Coco Paving project manager Tom Thomason says the first phase of the work, tendered through the City of Barrie, included the installation of a pedestrian tunnel, north and south ramps and parking. Phase two, conducted on a tight schedule tendered through GO Transit, involved the construction of the rail and bus platforms, north and south access structures and roadway. “The project began in August of 2011 and had to be completed by the end of January.”
The pedestrian tunnel allows access from parking on the tracks’ south side to the rail and bus platforms on the north side.
Site work included storm and sanitary sewers, watermains, a roadway with two access points, rail and bus platforms, an electrical communication building, the structures on top of the ramps to the north and south, associated lighting and traffic signals, security, a closed-circuit television system and a PA system.
“We also installed eight heated and lighted bus and train shelters, two bike shelters, an emergency generator and a snow-melt system with more than 50,000 feet of poly line filled with glycol fed from three boilers to control ice and snow on the rail and bus platforms,” Thomason said. “The station is fully accessible so also includes ramps to access the rail and bus platforms.”
Bertram Construction built the actual station building. Project manager Mark Campsall says timing was the biggest challenge in erecting the steel and glass. “Essentially we installed two rectangular steel structures with composite shingle environmental roofs and lots of glass for visibility through both,” Campsall said. “The north station has a larger overhang to facilitate train boarding as well as a mechanical tower. Getting the steel on site on time was critical with the deadline we had to work under.”
Campsall says the roof’s lifetime guarantee with steel and glass construction will make these buildings sustainable and easy to maintain for the long term.

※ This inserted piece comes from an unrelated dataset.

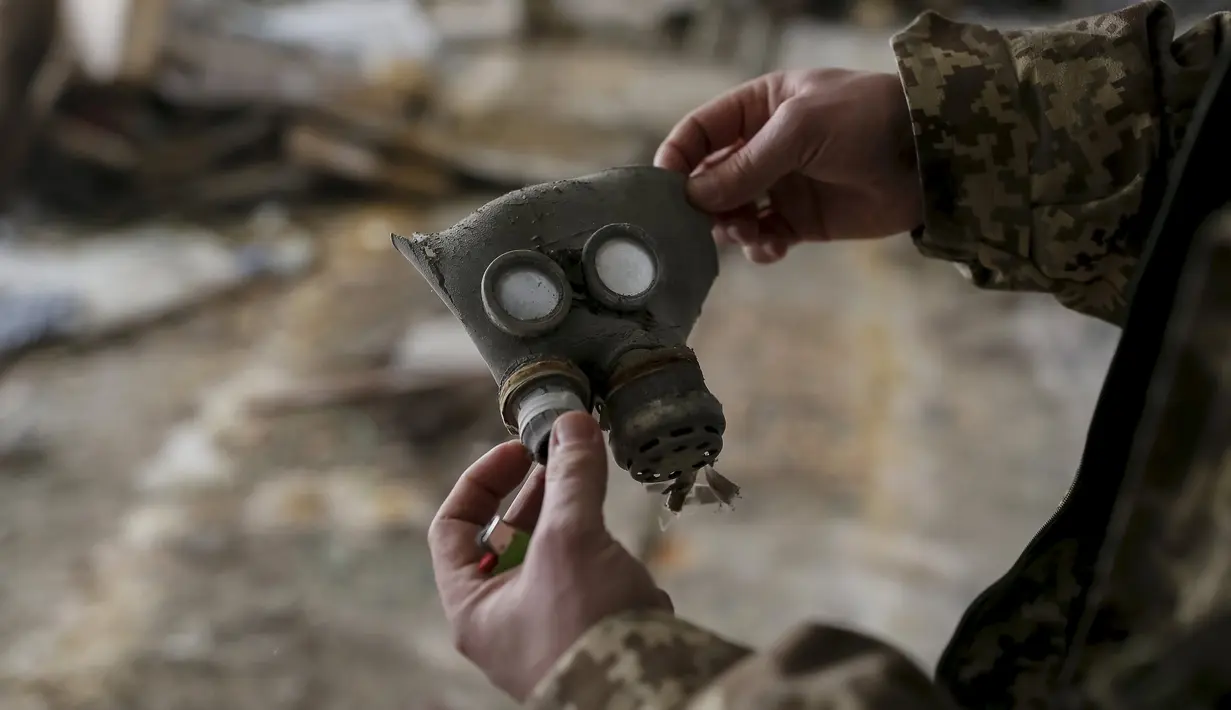 Masker gas anak-anak terlihat di taman kanak-kanak yang ditinggalkan penduduknya, dekat pembangkit tenaga nuklir, Ukraina, 28 Maret 2016. (REUTERS/Gleb Garanich)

Coco, which had worked on a GO project in Barrie previously, appreciated the challenges of working alongside active tracks. “There are two parallel tracks running alongside the station,” Campsall said. “Though the GO track wouldn’t be in service until the station opening, the other track, owned by Barrie Collingwood Railway (BCRY) was active with two trains running weekly.”
Campsall says this proximity to an active track also required staff orientation sessions and that any semi-permanent set ups had to be located far enough back from the tracks to accommodate the traffic. “There was constant communication with the rail line and the presence of the flagman to ensure everyone’s safety and a full shut down whenever a train passed.”
Project engineers R.J. Burnside and Associates had responsibility for design, contract administration and project management. Project manager Jim Georgas said a primary challenge was in ensuring what GO and the City of Barrie wanted suited the waterfront location. “This is a station that will be used by GO passengers as well as local residents attending waterfront events,” he said. “Located as it is on the waterfront and adjacent to the historic Allandale station makes this a beautiful and memorable stop.”
Georgas credits the great collaboration of all team members in ensuring the consolidated schedule, and all client expectations, were met.